А вот — Бобров: Глубока ночь! — а там — над бездной/ Урания, душа сих сфер,/ Среди машины многозвездной/ Дает векам прямой размер;/ Бегут веков колеса с шумом. // Я слышу — стон там проницает;/ Пробил — пробил полночный час!/ Бой стонет, — мраки расторгает,/ Уже в последний стонет раз;/ Не смерть ли мира — вздох времен? // Преходит век — и все с веками;/ Единый род племен падет/ И пресмыкается с червями,/ Как из червей другой встает;/ И все приемлет новый образ. Уразуметь смысл этих мрачных, тревожных и величественных строф можно и сейчас.

Одой «Столетняя песнь, или Торжество осьмогонадесять века России» открывается «Рассвет полночи, или Созерцание славы, торжества и мудрости порфироносных, браноносных и мирных гениев России с последованием дидактических, эротических и других разного рода в стихах и прозе опытов Семена Боброва», итоговый на время издания (1804) четырехтомник сорокалетнего сочинителя. Сын ярославского священника был обречен идти обычной дорогой алчущих учености разночинцев: семинария, Гимназия при Московском Императорском университете, университет. На государственную службу обремененный обширными знаниями и уже прикипевшей к словесности (особенно — новейшей английской) Бобров поступил в ничтожном чине губернского секретаря и успехов на этом поприще не стяжал ни в Москве, ни в Петербурге. Зато стихотворствовал во всех возможных родах и вкусах, а в тесном тогда кругу людей пишущих был фигурой приметной: входил в Общество друзей словесных наук, был знаком с Радищевым, печатался в «Беседующем гражданине». В 1791 году он переместился в полуденную Россию, явно не по доброй воле: закат царствования Екатерины был не лучшим для пишущей братии временем. Годы службы при командующем Черноморским флотом Мордвинове (вельможе просвещенном, либеральном и со склонностью к меценатству) были, кажется, самой счастливой порой в невеселой жизни бедного, одинокого, сумрачного и честолюбивого стихотворца.

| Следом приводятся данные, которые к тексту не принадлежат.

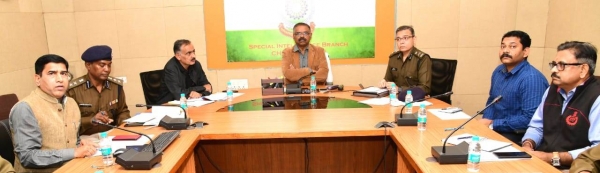 डीजीपी ने की एमएमसी जोन के नक्सल विरोधी अभियान की समीक्षा : आगामी 5 माह की रणनीति बनाकर ऑपरेशन चलाने के दिये निर्देश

В эту пору была написано «лирико-эпическое песнотворение» «Таврида, или Мой летний день в Таврическом Херсонисе», грандиозная натурфилософская поэма на крымском материале. Ее вторая, сильно исправленная редакция — «Херсонида» — стала четвертой частью «Рассвета полночи». Позднее из-под пера Боброва выйдет еще одна поэма — «Древняя ночь вселенной, или Странствующий слепец» (1807–1809). Жить ему оставалось недолго — возвращение в Петербург не упрочило материального положения поэта, крепким здоровьем он не отличался и прежде, отмеченная эпиграмматистами склонность к винопийству дело свое делала, литературные свершения доставляли больше неприятностей, чем радостей… Бобров скончался 25 марта 1810 года — дабы существовать для многих читательских поколений в шутовском обличье угрюмого неудачника, сумбурного и чуждого подлинной гармонии слагателя странных стихов, напыщенного творца неудобочитаемых сочинений.

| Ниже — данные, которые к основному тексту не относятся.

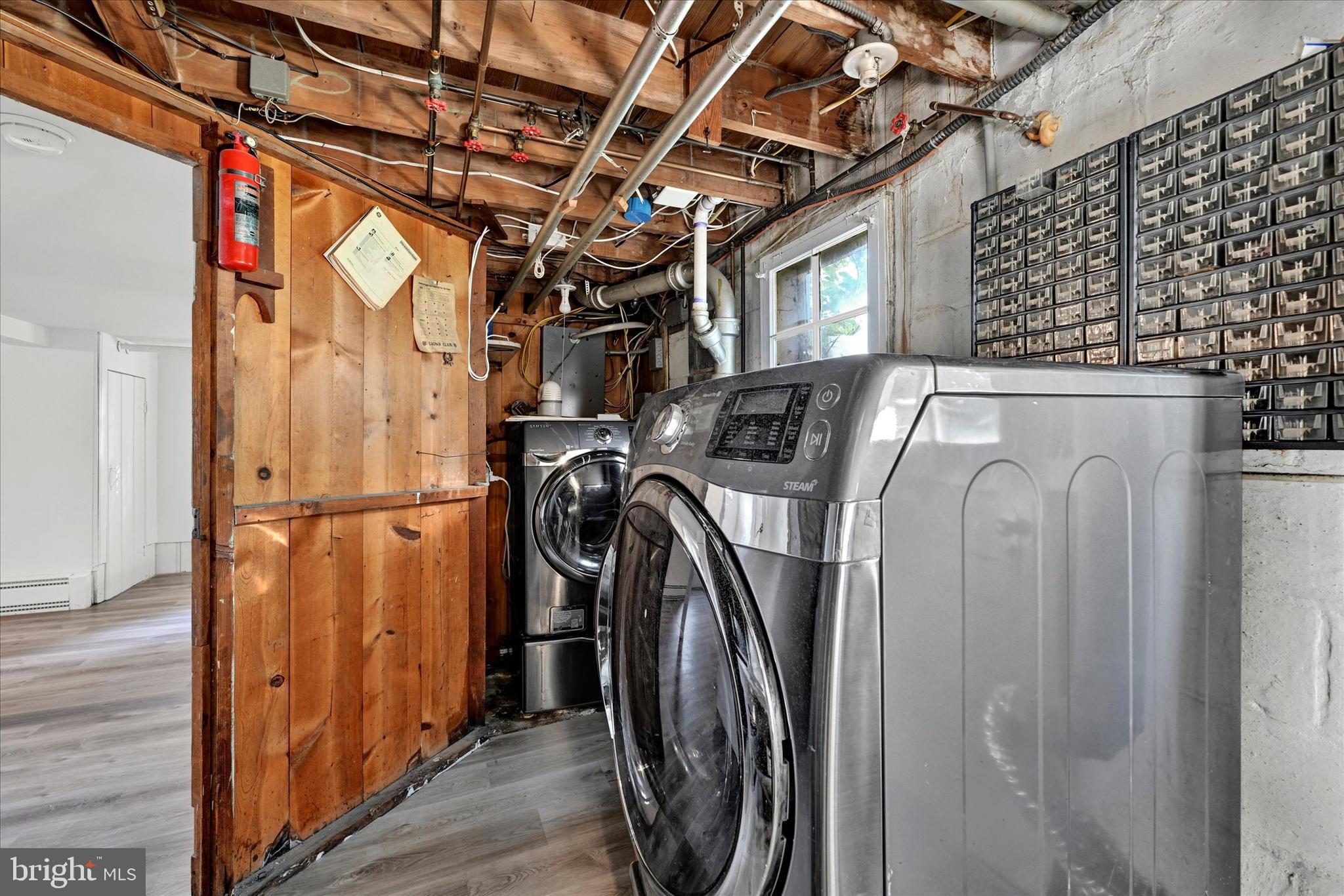 WEST HILLS - Residential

Ныне всякий, кто хочет видеть русскую поэзию в ее реальном объеме, может убедиться, сколь несправедлив сотворенный младшими карамзинистами ехидный миф о бездарном Бибрусе. «Рассвет полночи…» издан В. Л. Коровиным в серии «Литературные памятники», надо надеяться, что кропотливый труд текстолога, комментатора и биографа будет оценен по достоинству. Как и странная — возвышенная и грубо материальная, ученая и страстная, неуклюжая и величественная — поэзия Боброва.

О друг природы, — обратися!/ Зри сей рисунок! — усмехнися! —/ Воззришь, — тогда коральный холм,/ Салгирский брег, — уклон гор мшистый, — / Дубрав благоуханных сонм,/ Кизилы, тополы тенисты,/ И манноносная ясень,/ И сосна, мещущая тень,/ И величавые раины,/ В оттенках неких сей картины/ Толико ж будут возникать,/ Расти, — дышать и процветать,/ А шумные ключи священны/ И их потоки искривлены/ Такою же начнут стопой/ Скакать средь песни сей простой,/ Как в подлиннике беспримерном/ Неподражаемом — бессмертном. // Хвались, камена, ты судьбой,/ Хвалися долей непреложной,/ Что кроткой мудрости рукой/ Плод кисти твоея возможной/ Толико будет оживлен,/ Толико будет возвышен!